Renu Savant

Arts Practice
2020-2021

Grant Period: One year and six months

Renu Savant is a graduate of the Film and Television Institute of India, based in Mumbai and has worked as a journalist and researcher. In 2012 she received the Special Jury Award in the 59th National Film Awards held in New Delhi for her short film Airawat; and received the Swarna Kamal for Best Direction in the 62nd National Film Awards in 2015 for her short film Aaranyak. She received the Early Career Fellowship from the Tata Institute of Social Sciences, School for Media and Cultural Studies, in 2014 enabling her to produce a four-hour video documentary chronicle, Many Months In Mirya. The film received the John Abraham National Award for Best Documentary (India) in 2017. Raqs Media Collective has chosen this to be shown at the Yokohama Triennale 2020. 

With this grant the film-document tentatively titled Floating that Renu will make on the presence of seasonal migrant labourers in and around Ratnagiri, is part of her series of films in the Konkan coast of Maharashtra. Mirya is Renu’s ancestral village and she has worked there shooting for two previous films - Many Months in Mirya mentioned above and The Ebb Tide, a documentary for PSBT, Doordarshan, on small-scale fishing practices in the village creek. 

Renu has conceived Floating as a film-document more than a documentary film, due to its non-representational form of an unfolding record of the presence of migrant labourers in the region. Renu uses the word ‘documenting’ because the form and its political and ethical dimensions reflect a record of time. Renu has also been validated as a contemporary artist through her participation in the Yokohama Triennale 2020 curated by Raqs Media Collective, and it is her ‘impulse to capture time’ that has given her valence in the discourse of contemporary art beyond documentary filmmaking. 

Considering the proposed film’s location as art, Renu wishes to disseminate the film-document through the circuits of contemporary art. Moreover, she wishes to tap into channels of film festivals that are open to admitting work that blurs the lines between video essay, documentary and experimental narratives. She also wants the film-document to be discussed in educational institutions as a research document, which accepts the making of art as research. 

Floating will be a departure in its methods and process from Renu’s earlier two films on Mirya as it is envisioned as an attempted dialogue with the young men coming to the region to work, documenting their invisible presence in this region. There are various themes related to stability, permissions and movement of people, which Renu will be looking at in the film-document. Renu is mindful of the impact of the pandemic on the migrant workforce. 

While referring to the Japanese landscape theory of Fukei-ron, Renu wants to investigate the power that the landscape exerts on the human body. Here, Renu wants to highlight the specificities of the rural setting with its own moral codes - both as psycho-geography as well as topography - that exerts influence on the way migrant bodies are disciplined. Power structures are embedded in the very land of the rural region. In 1957, the erstwhile Mahar caste in Maharashtra, converted en-masse to Buddhism under the leadership of Dr Ambedkar’s son. Yet all over the country, villages have communities of different castes living, more or less, in segregated spaces. Through the use of the common spaces in a specific village by people only of certain communities and gender, she would like to map how the psycho-geography of the landscape exerts power on our bodies.

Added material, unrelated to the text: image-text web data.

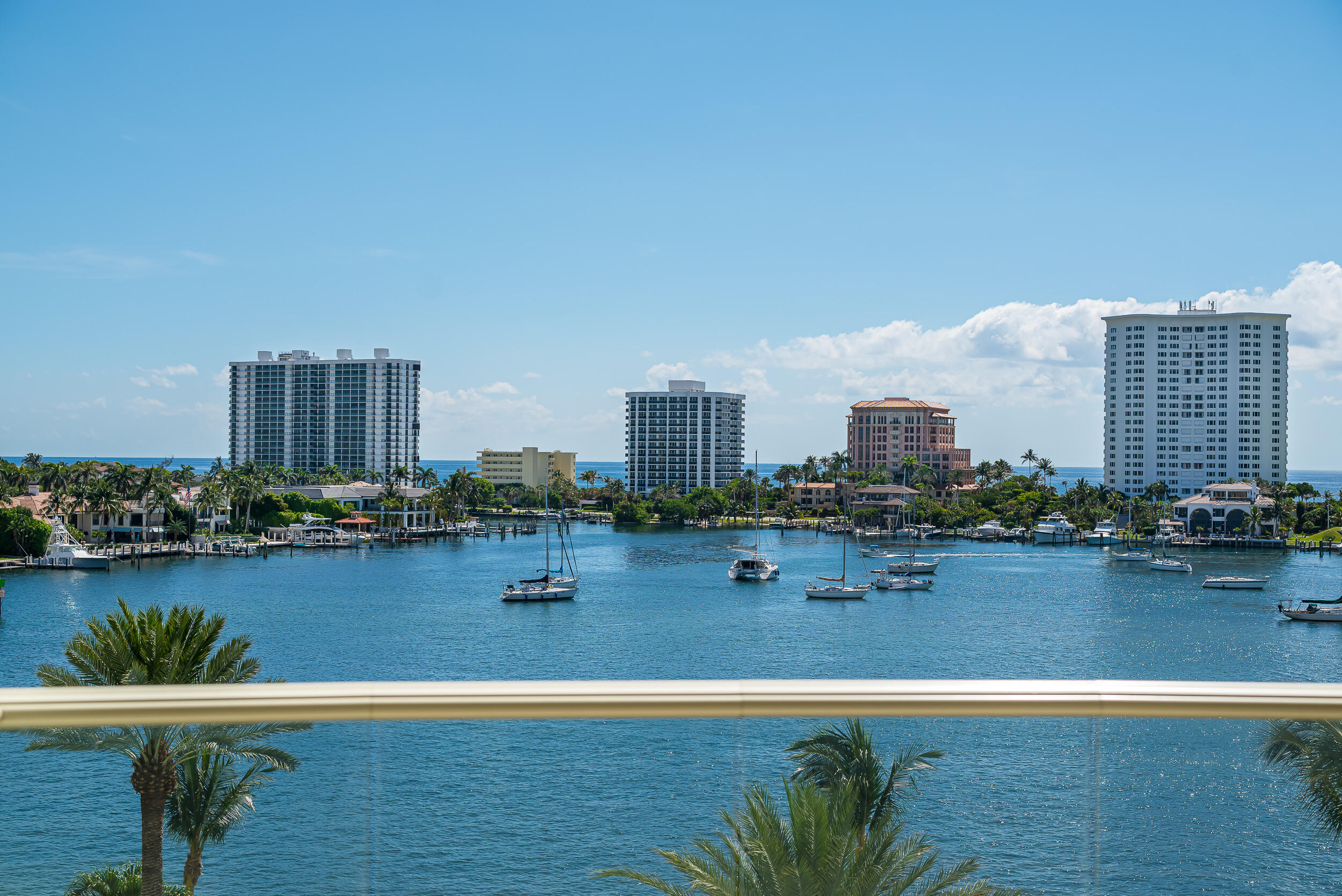 a view of a city with lawn chairs and lake view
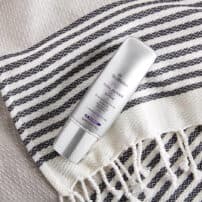 SkinMedica Total Defense + Repair face sunscreen on beach blanket - available in Canada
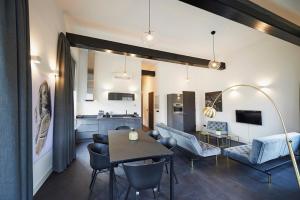 a living room with a dining table and a kitchen at "DE BANK" - Hotel Apartments in Harlingen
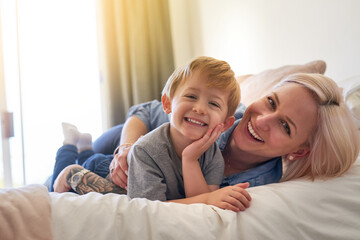 Mom, boy child and relax on bed in family home for love, happiness and care in apartment. Woman,...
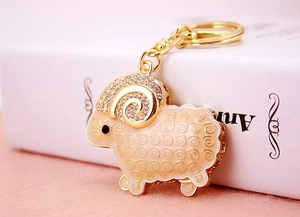 Close-up of goat keychain with rhinestones and cream enamel finish on golden alloy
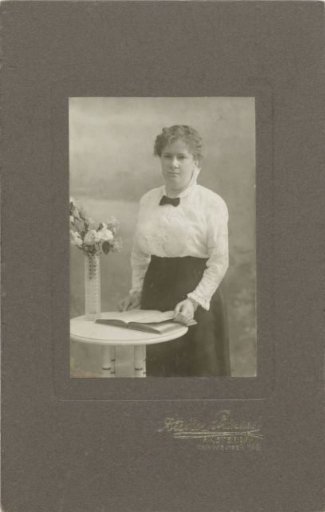 Studio portrait of a woman with a book at a table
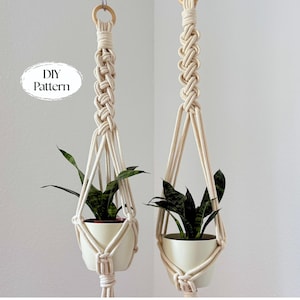 May include: Two macrame plant hangers with cream-colored rope, each holding a white ceramic pot with a green plant. The hangers are suspended from wooden rings. The image includes the text "DIY Pattern".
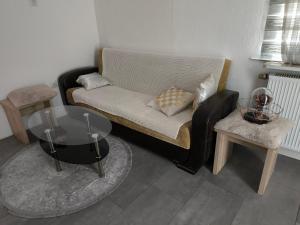 a living room with a couch and a glass table at Ferienwohnung In Krumbach in Krumbach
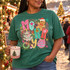 Colorful 'Merry' Christmas DTF transfer with gingerbread man, candy cane, Christmas tree, wreath, and ornament on a confetti background Shown on a Island Green t-shirt.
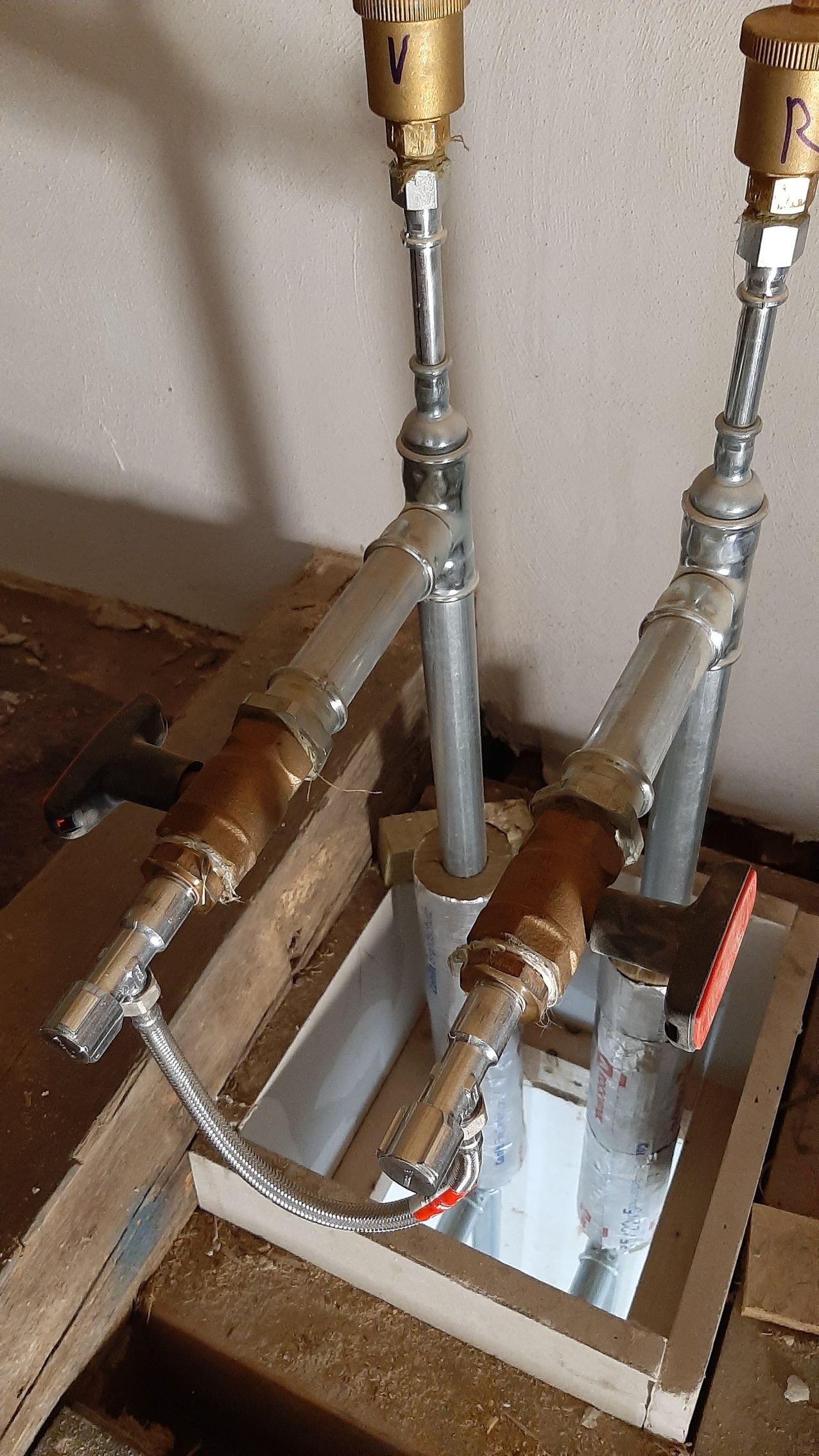 Zwei senkrechte Metallrohre mit Messingarmaturen ragen aus einer quadratischen Öffnung in einem Holzboden.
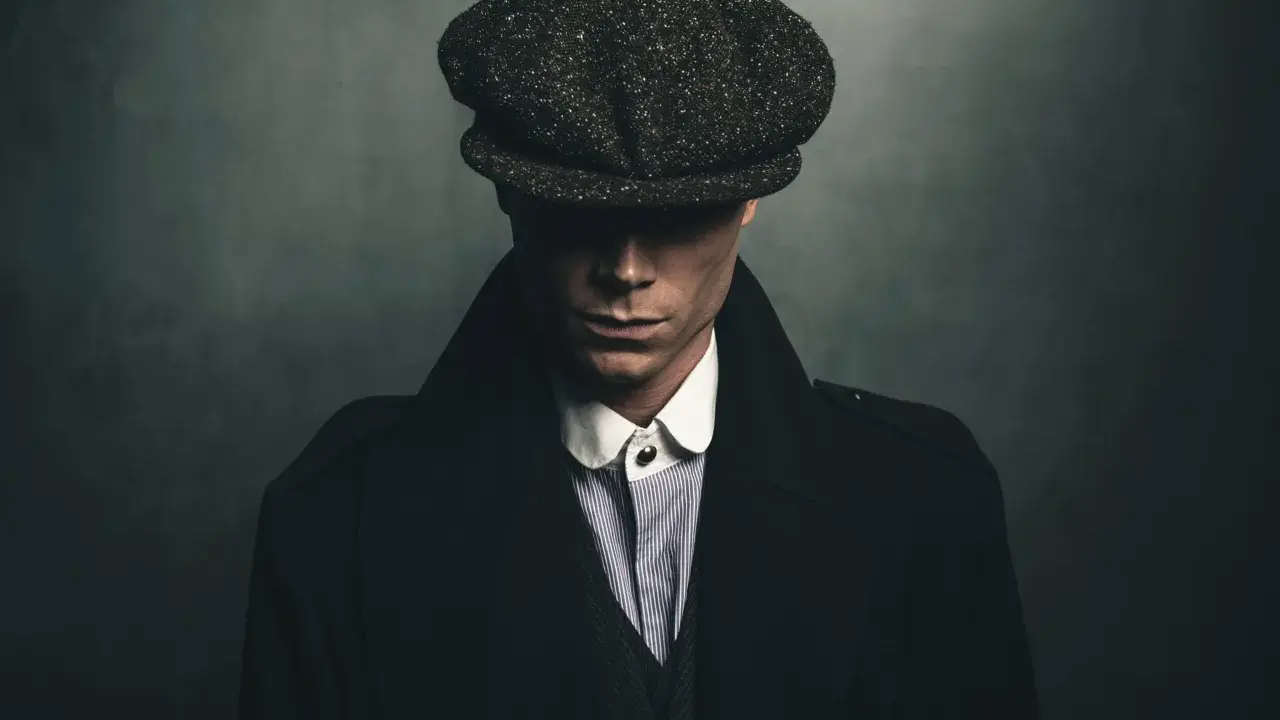 Mężczyzna w kaszkiecie i płaszczu, uosabiający styl lat 20. moda męska polska.
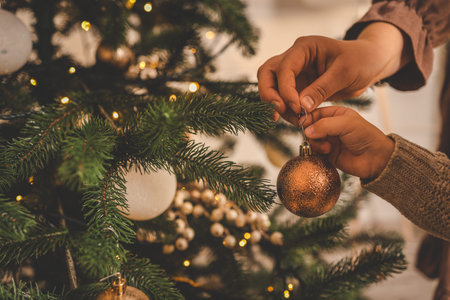 Mom and child decorate the Christmas tree.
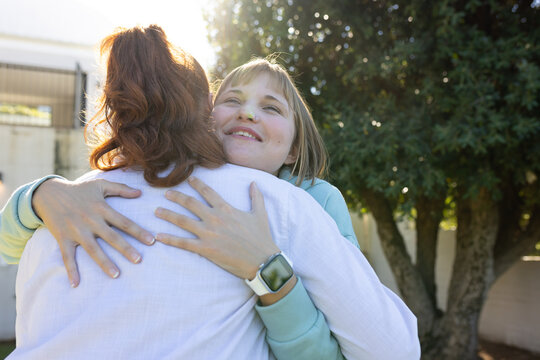 Two women hugging in backyard, wearing light pullover and button-up shirt, showing smartwatch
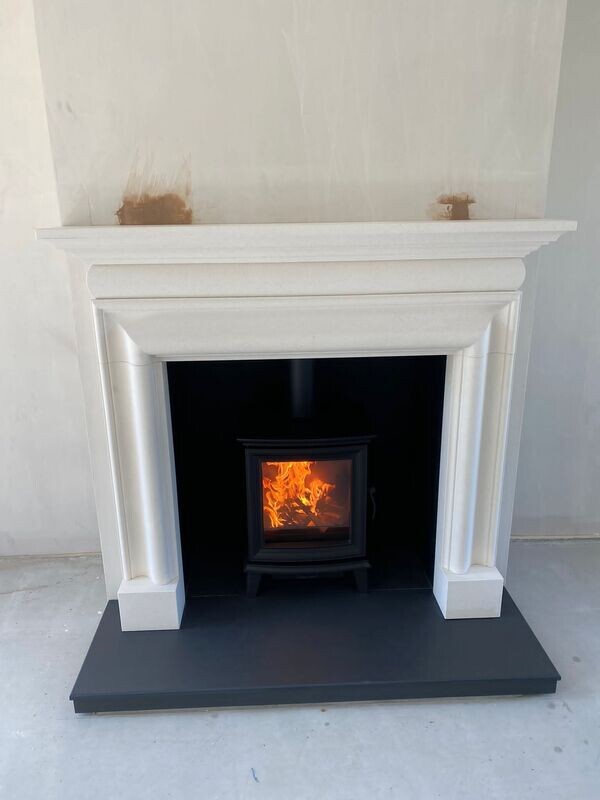 Valencia surround with Chesterfield stove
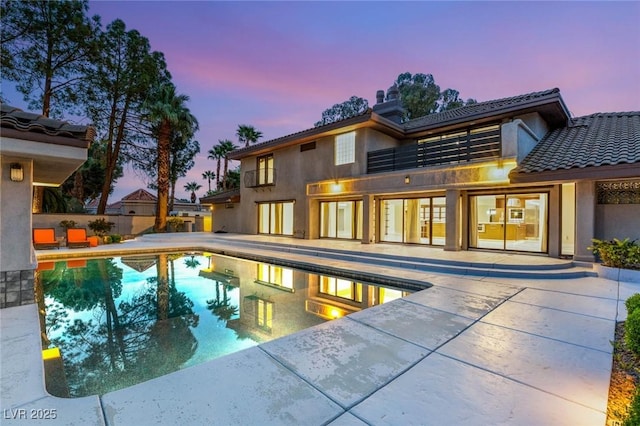 rear view of house with fence, an outdoor pool, a balcony, and a patio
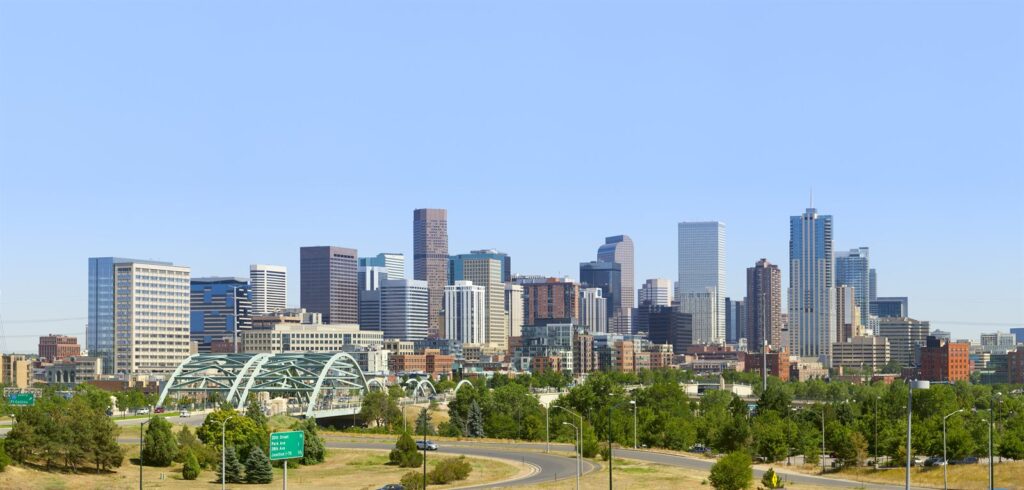 Denver skyline with the Rocky Mountains behind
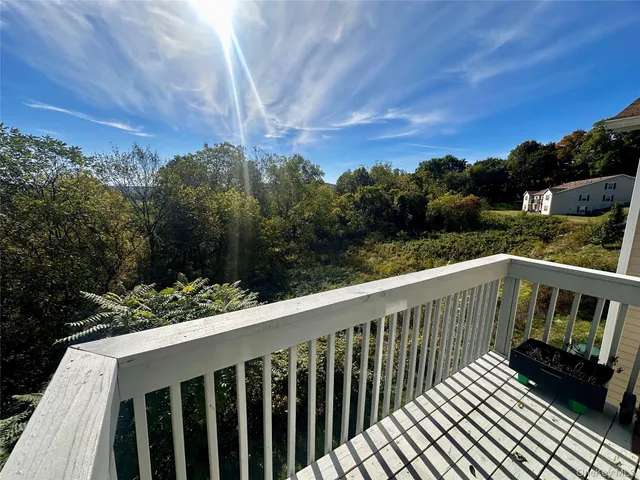 a bedroom with a bed and a night stand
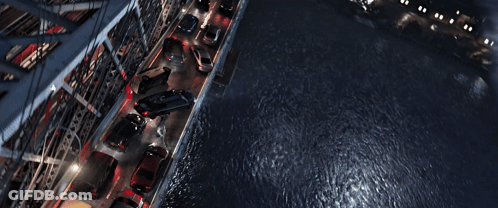 A Man In A Spiderman Suit Is Flying Over A City GIF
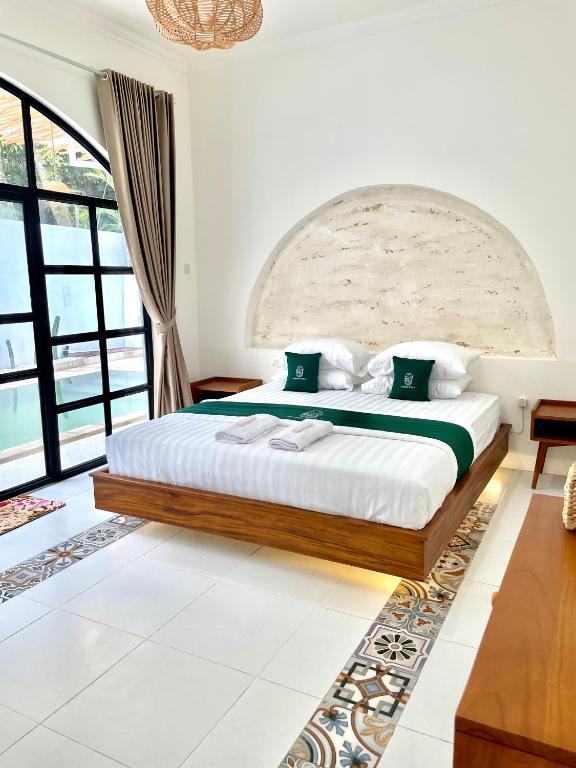1 dormitorio con 1 cama grande en una habitación con ventanas en Sampai Villa Santiva en Pedes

Renu acknowledges her power as an urban filmmaker who wants to record the time and experiences of migrant workers in the rural space. There is a need for sensitivity in holding such power. Renu also wants to highlight the project as a ‘document of a woman filmmaker’. This distinction is very important in comparison to her earlier work which was more from the perspective of an anthropologist on rural life. Floating is about male workforce as seen through the lens of a woman filmmaker. On the uniqueness of the migrant labour situation in the rural region, Renu’s project focusses on rural migration, which is relatively less looked at. Rural places are hotbeds of prejudice and fortresses of the landed powerful. “While cities offer anonymity, engagement and more opportunity, rural areas are more claustrophobic places in many ways.” The category of ‘migrant labourer’ is also a floating figure whose lower caste status is often hidden in the development narrative.

IFA finds it important to support this film-document that looks at migration to the rural area, at a time when the precariousness of labourers are most acute, as made visible through the exodus after Covid-19 lockdown. Renu’s deliverables to IFA with the final report will be a high-resolution copy of the film-document on a hard disk, along with the footage, production stills, film deck and publicity materials.

This grant is made possible with support from Voltas Limited under its CSR Initiative.